#### [PROMPT]
Please write out the entire listing below exactly, excluding its pictures.

#### [GIVEN DATA]
————————

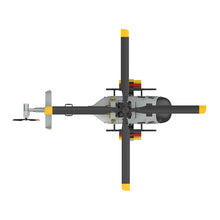 Load image into Gallery viewer, New Hot selling new product C186S aileron free intelligent positioning helicopter military model armed aircraft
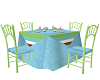 :BOY: Baby Shower Table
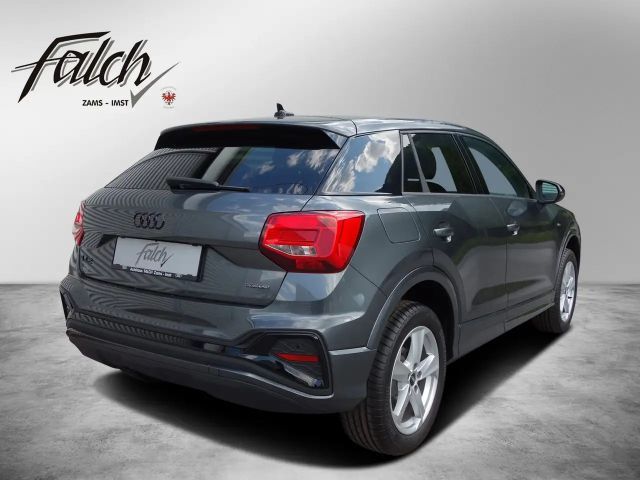 Audi Q2 35 TDI Quattro S-Line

————————

#### [SOLVED EXERCISE]
 Load image into Gallery viewer, New Hot selling new product C186S aileron free intelligent positioning helicopter military model armed aircraft
 :BOY: Baby Shower Table
 Audi Q2 35 TDI Quattro S-Line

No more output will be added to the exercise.